# How to complete this task:
Scan the records below for the word "Image". Copy each line where it appears.

--- Data Enclosed Below ---

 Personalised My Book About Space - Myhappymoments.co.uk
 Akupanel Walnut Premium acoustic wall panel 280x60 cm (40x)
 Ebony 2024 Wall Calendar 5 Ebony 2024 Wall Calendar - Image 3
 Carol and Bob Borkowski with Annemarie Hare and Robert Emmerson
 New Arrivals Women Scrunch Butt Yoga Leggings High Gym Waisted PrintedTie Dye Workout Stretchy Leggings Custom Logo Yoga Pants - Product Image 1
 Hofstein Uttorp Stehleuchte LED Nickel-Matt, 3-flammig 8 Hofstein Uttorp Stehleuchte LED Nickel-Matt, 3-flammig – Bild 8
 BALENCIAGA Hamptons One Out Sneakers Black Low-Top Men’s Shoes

--- End of Enclosed Data ---
--- Data Enclosed Below ---

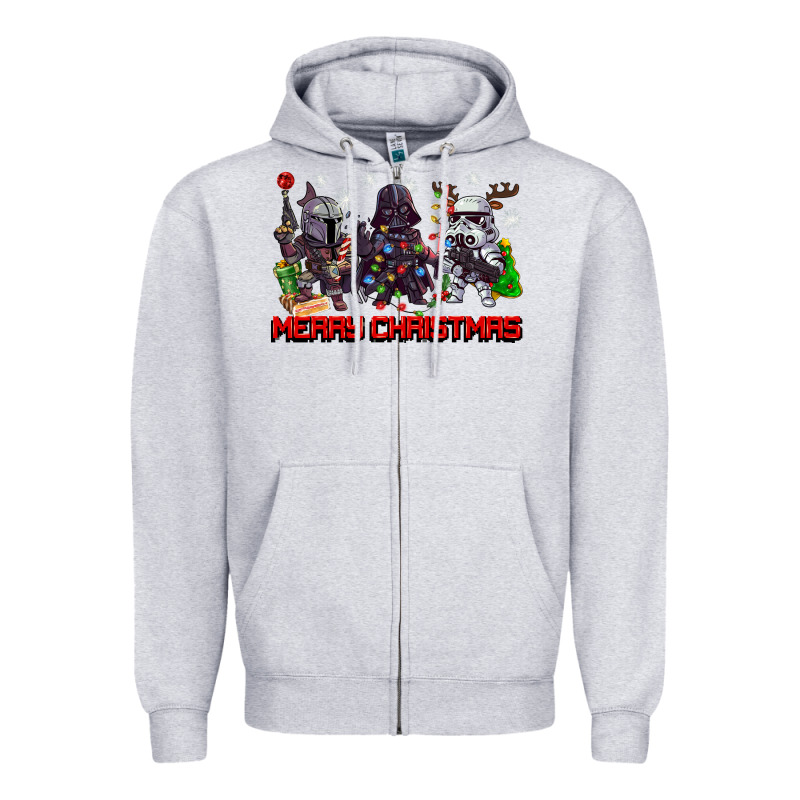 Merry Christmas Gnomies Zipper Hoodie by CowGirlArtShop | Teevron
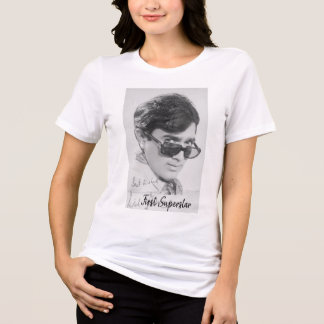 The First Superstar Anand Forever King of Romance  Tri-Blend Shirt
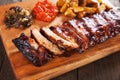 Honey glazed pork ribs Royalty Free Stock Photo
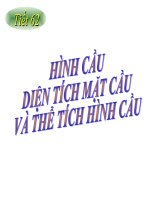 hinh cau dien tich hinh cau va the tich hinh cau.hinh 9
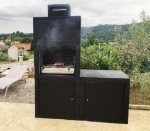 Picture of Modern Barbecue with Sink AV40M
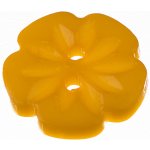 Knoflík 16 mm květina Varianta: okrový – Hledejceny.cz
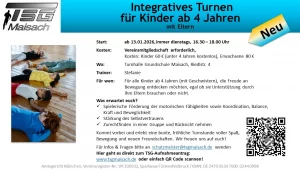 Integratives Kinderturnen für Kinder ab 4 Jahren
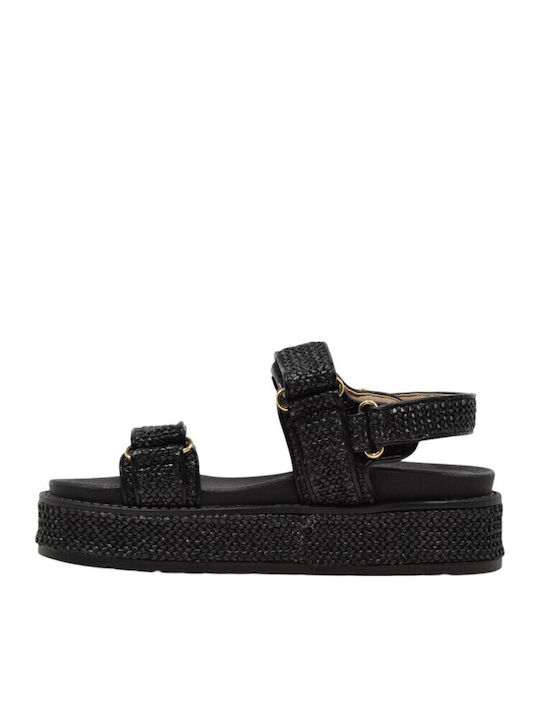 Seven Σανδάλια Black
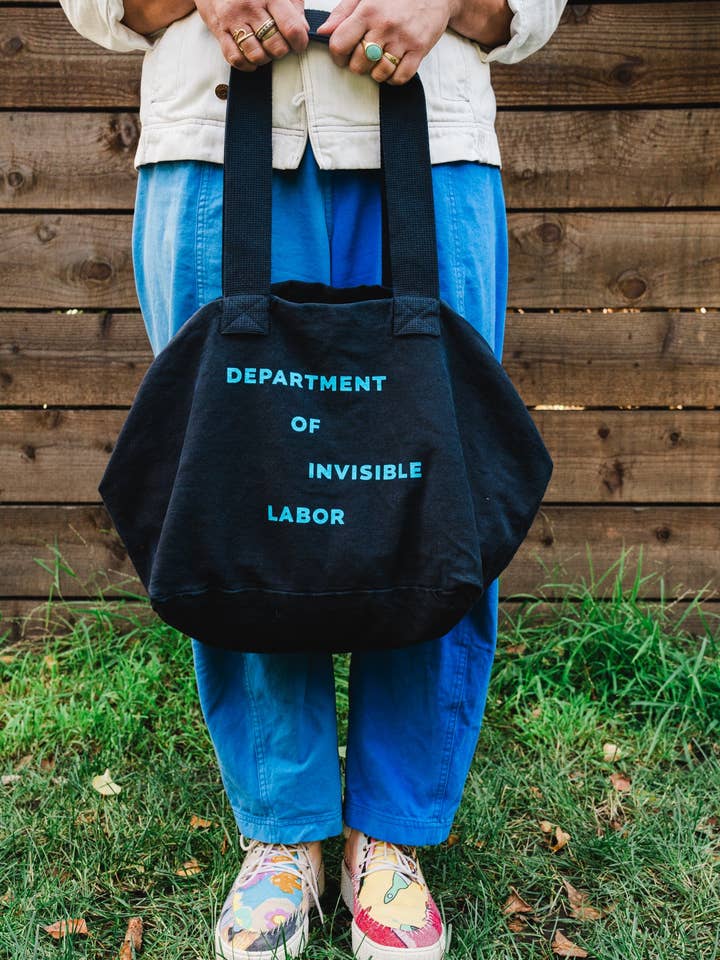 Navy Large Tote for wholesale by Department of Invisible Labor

--- End of Enclosed Data ---

# Expected answer:
 Ebony 2024 Wall Calendar 5 Ebony 2024 Wall Calendar - Image 3
 New Arrivals Women Scrunch Butt Yoga Leggings High Gym Waisted PrintedTie Dye Workout Stretchy Leggings Custom Logo Yoga Pants - Product Image 1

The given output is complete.